Given information ::

··········

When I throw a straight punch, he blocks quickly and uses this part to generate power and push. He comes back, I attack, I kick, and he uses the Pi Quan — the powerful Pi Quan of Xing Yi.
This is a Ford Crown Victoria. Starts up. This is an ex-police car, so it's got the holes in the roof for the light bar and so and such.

··········

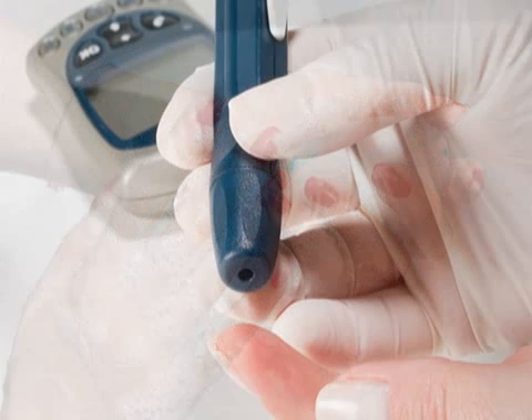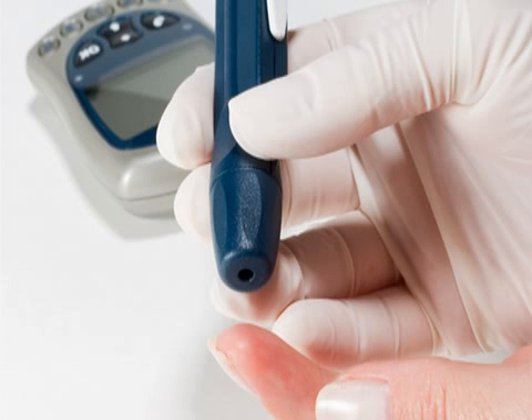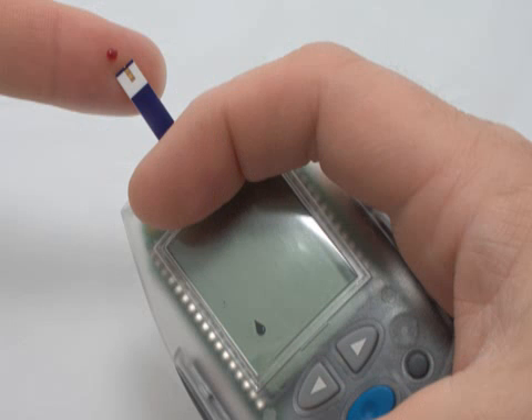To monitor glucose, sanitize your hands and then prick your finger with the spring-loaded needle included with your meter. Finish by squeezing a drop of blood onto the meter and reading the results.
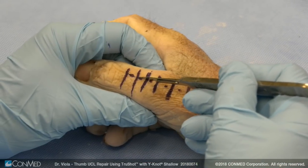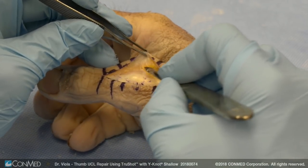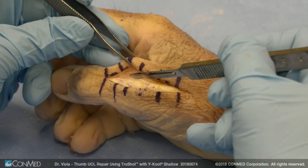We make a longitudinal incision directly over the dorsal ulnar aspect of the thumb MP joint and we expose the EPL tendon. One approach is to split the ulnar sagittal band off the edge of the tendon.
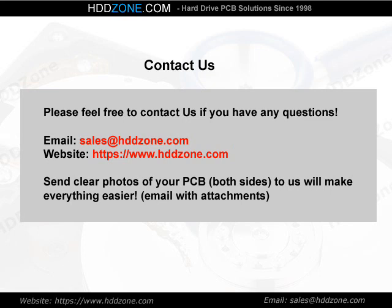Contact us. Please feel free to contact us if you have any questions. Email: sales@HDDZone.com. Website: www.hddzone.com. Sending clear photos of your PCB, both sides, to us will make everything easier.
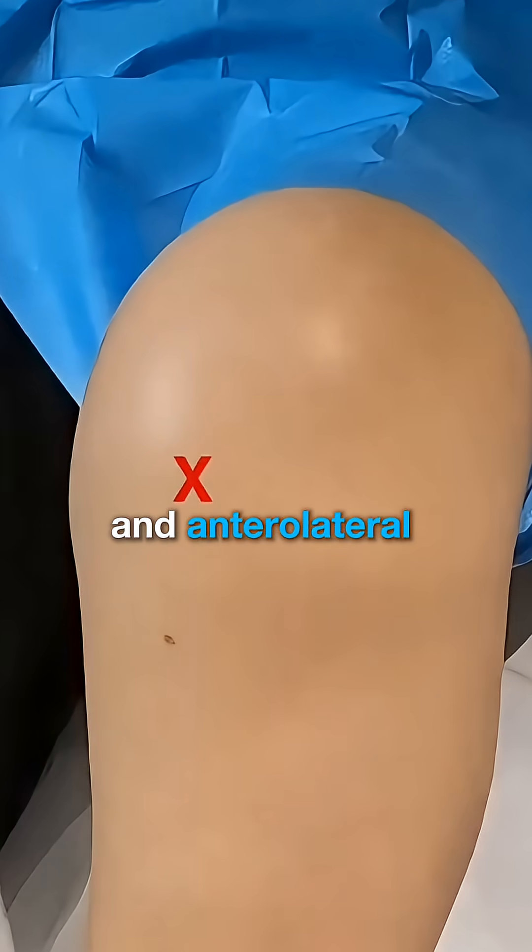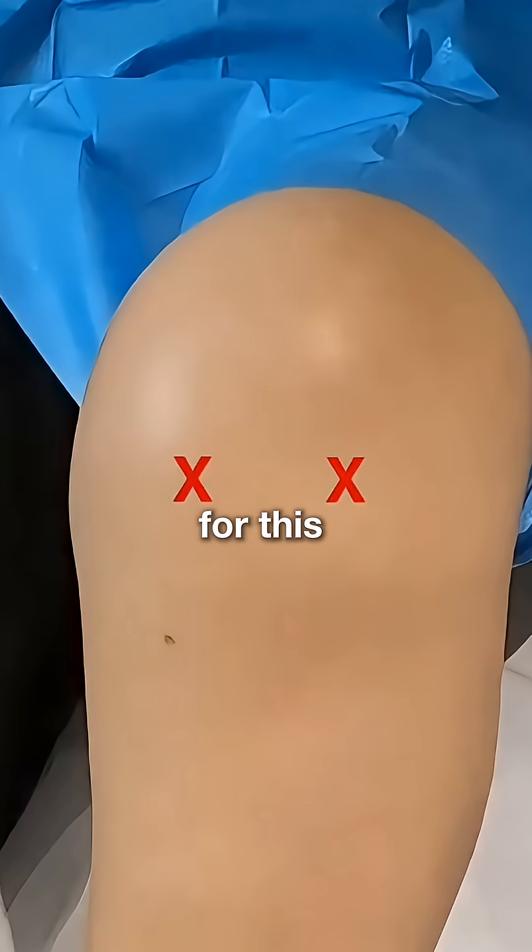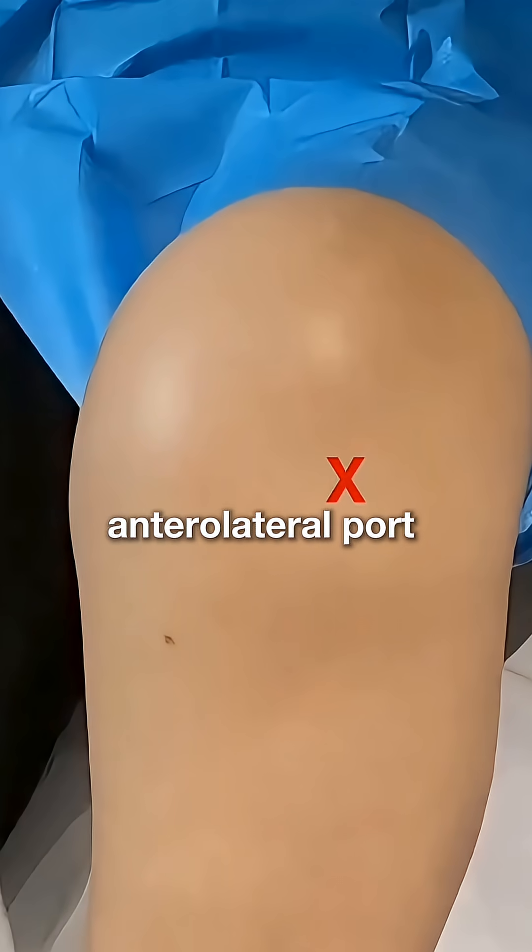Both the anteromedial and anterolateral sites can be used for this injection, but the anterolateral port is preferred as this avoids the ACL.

··········

What is needed :: Only the lines above from the one with "We make a longitudinal" to the one with "Both the anteromedial" should be printed, both included and exactly as written; no picture belongs in the copy.

Answer section ::
We make a longitudinal incision directly over the dorsal ulnar aspect of the thumb MP joint and we expose the EPL tendon. One approach is to split the ulnar sagittal band off the edge of the tendon.
Contact us. Please feel free to contact us if you have any questions. Email: sales@HDDZone.com. Website: www.hddzone.com. Sending clear photos of your PCB, both sides, to us will make everything easier.
Both the anteromedial and anterolateral sites can be used for this injection, but the anterolateral port is preferred as this avoids the ACL.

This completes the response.